How to complete this task =
Copy out exactly the stretch below, from the line with "ילדים כדורגל Sebastiano" through the line with "CAKEEYUM 2 Stück", both included; the pictures stay out.

Given entries =

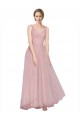 Long Sleeveless Tulle Pink V-Neck A-Line Bridesmaid Dress Newcastle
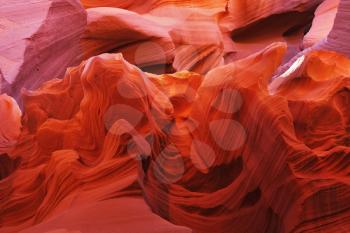 Fiery color in the stone. The famous Antelope Canyon in the Navajo Indian Reservation. USA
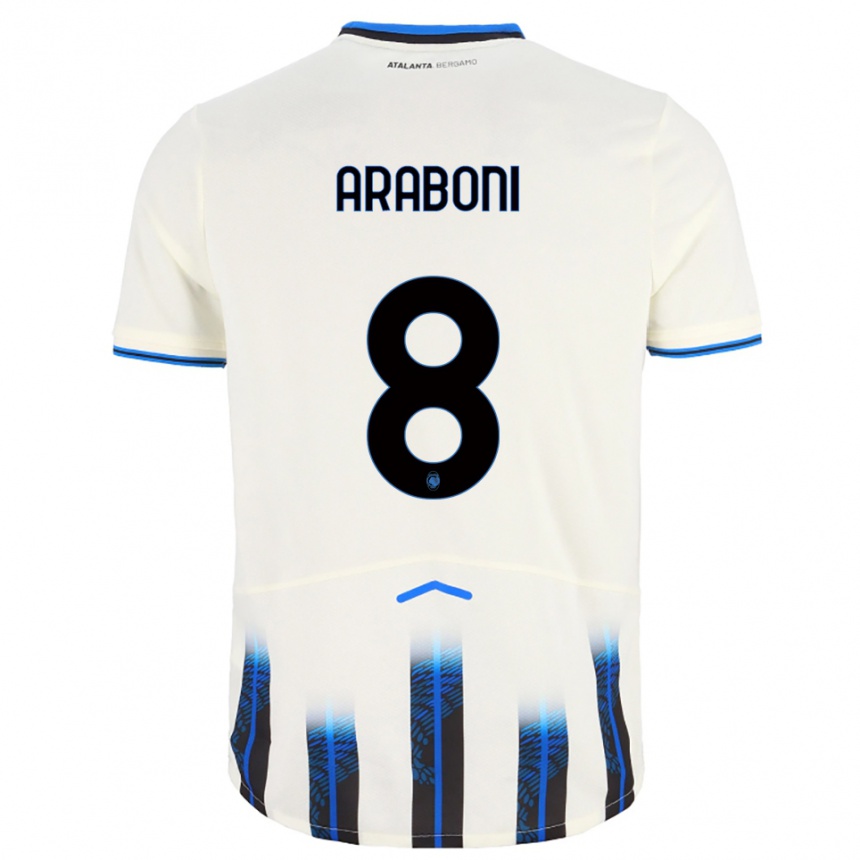 ילדים כדורגל Sebastiano Araboni #8 לבן כחול הרחק ג'רזי 2025/26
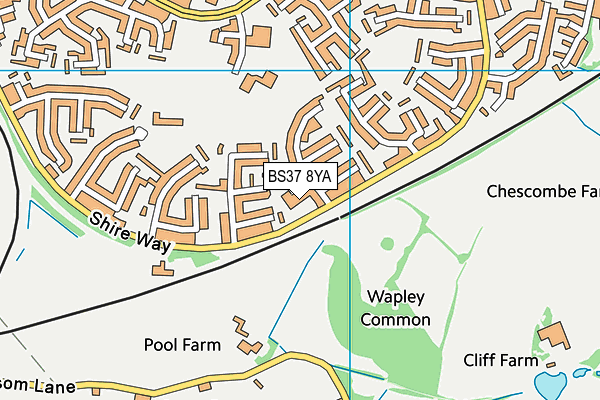 BS37 8YA map - OS VectorMap District (Ordnance Survey)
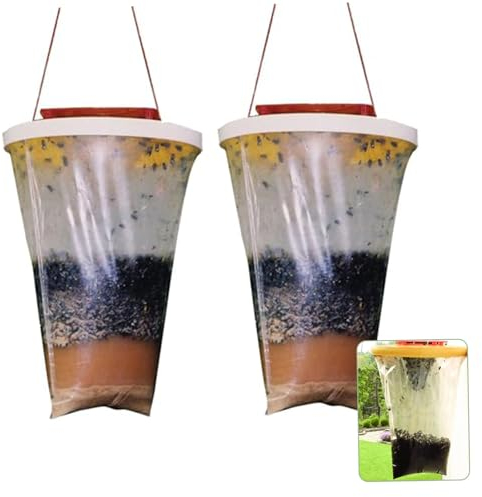 CAKEEYUM 2 Stück Fliegenfallen zum Aufhängen im Freien effektive Fliegenfallen für den Außenbereich stabile Einweg Fliegenfalle für den Innenbereich Mehrzweck Fliegentaschen für Haus Garten Pf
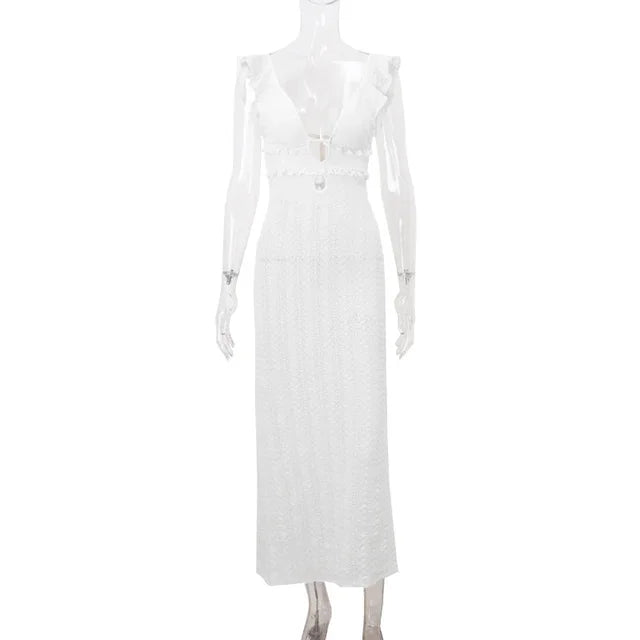 Vestido sexy con escote en V profundo para mujer, sin mangas, ajustado, de cintura alta, largo, elegante, de punto, para playa y vacaciones, 2025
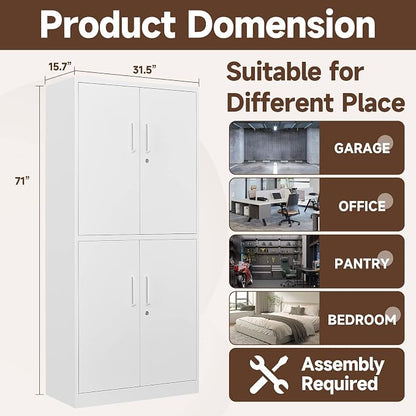 Metal Storage Cabinets with Locking Doors,71" Tall Garage Cabinet with 3 Adjustable Shelves, Lockable Steel Office Storage Caninet Tool Cabnet for Home Office,Garage, Pantry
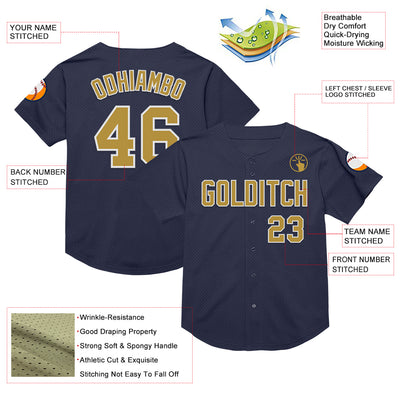 Custom Navy Old Gold-White Mesh Authentic Throwback Baseball Jersey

Solution to this task =
 ילדים כדורגל Sebastiano Araboni #8 לבן כחול הרחק ג'רזי 2025/26
 BS37 8YA map - OS VectorMap District (Ordnance Survey)
 CAKEEYUM 2 Stück Fliegenfallen zum Aufhängen im Freien effektive Fliegenfallen für den Außenbereich stabile Einweg Fliegenfalle für den Innenbereich Mehrzweck Fliegentaschen für Haus Garten Pf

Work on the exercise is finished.